Real estate crowdfunding of commercial properties can give investors a chance to “have it all”—ongoing cash flow and, with equity investments, participation in potential appreciation. These investments can run the gamut of possible real estate opportunities—from pre-vetted first-lien loans to professional fix-and-flip borrowers, “preferred equity” stakes that offer higher potential returns (and more risk) and equity interests offering potential appreciation upside.

RealtyShares, for example, offers investors a chance to participate in interest or rental payments from various types of commercial real estate ventures. These can include large multifamily apartment complexes, retail shopping centers, pools of single-family residences, self-storage facilities, office and industrial buildings and hotels.

The recurring cash distributions can occur through the receipt of monthly loan interest payments, monthly preferred equity distributions or quarterly payouts on conventional equity investments.

Debt and preferred equity investments generally have strong remedies available to them if payout schedules are not met. Equity payouts are more like dividends, dependent on there being sufficient distributable cash after other expenses are accounted for. Generally, however, the sponsoring real estate companies try to budget carefully so as not to disappoint investors. Further, investors’ interests are aligned with the sponsor’s by restricting such companies from withdrawing cash for themselves until the investors have been paid their expected returns.

Stable income can provide some degree of protection during periods of stress in the financial markets. Real estate is different from stocks in this respect—the income component accounts for a much larger portion of total returns than it does for stocks, for example. And recent low interest rates have made real estate income properties comparatively attractive.


The income component of commercial real estate generally helps temper its volatility as compared to asset classes like stocks, where price movements constitute a bigger portion of overall return rates. Commercial real estate business cycles may be less pronounced because rental lease terms generally help mitigate economic fluctuations and their impact on income.


Dividends or other regular payouts are paid from real earnings and in hard dollars. They cannot be manipulated by creative accounting. The regular payout of income can act as a useful barometer for identifying investment projects that are disciplined and efficient in their capital allocation and cash flow management.

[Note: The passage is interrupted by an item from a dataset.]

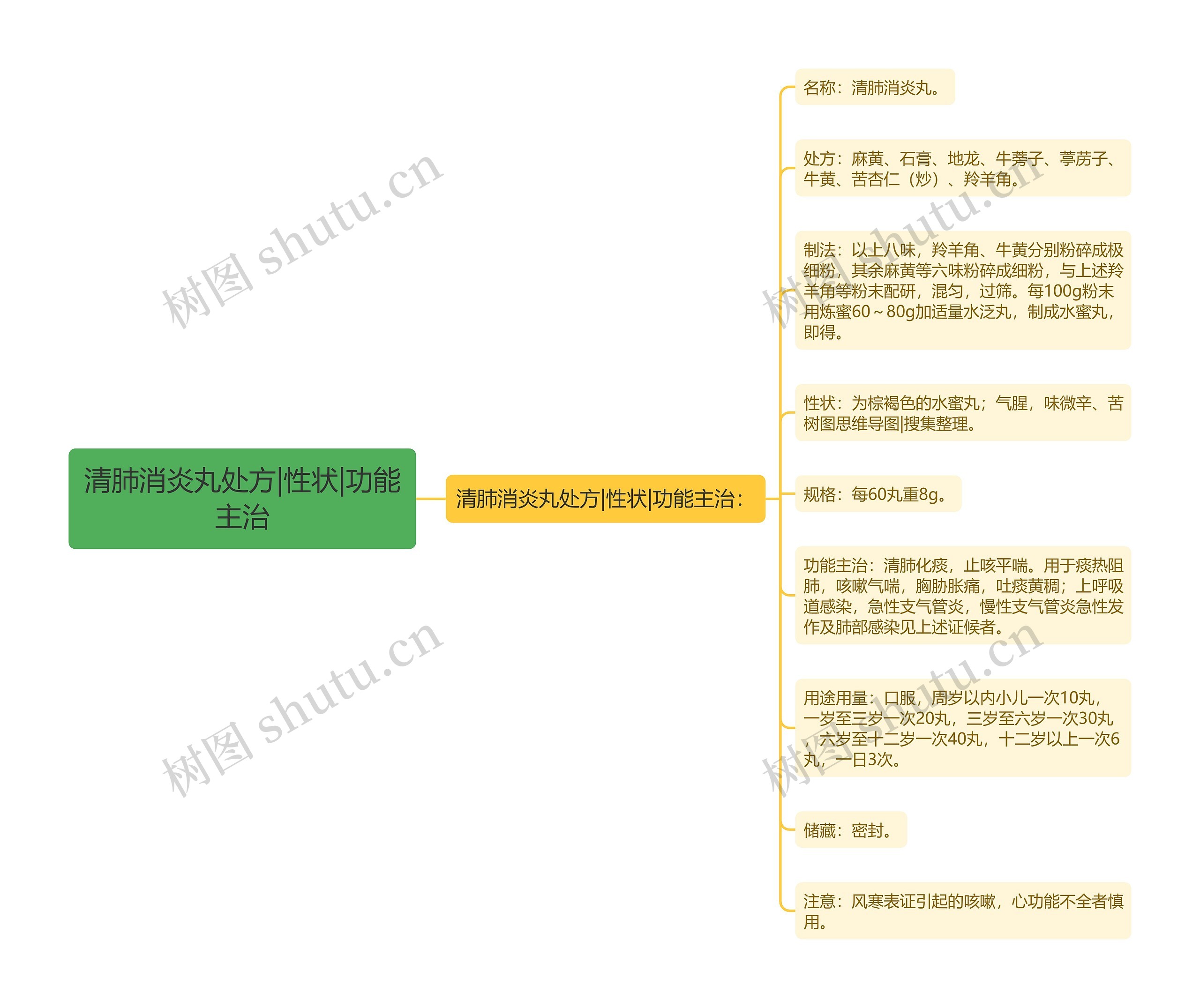 清肺消炎丸处方|性状|功能主治思维导图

Many argue that commercial real estate has other desirable characteristics, such as its serving as a hedge against inflation, providing a portfolio diversification away from stocks and bonds, offering potential tax benefits for equity interests, and its nature as a hard asset.

Its ability to provide current cash flow, however, is a key component in making it a compelling asset class. When done correctly, commercial real estate investing encapsulates the age-old investment theme of focusing on investments that maintain, and even grow, their income over time.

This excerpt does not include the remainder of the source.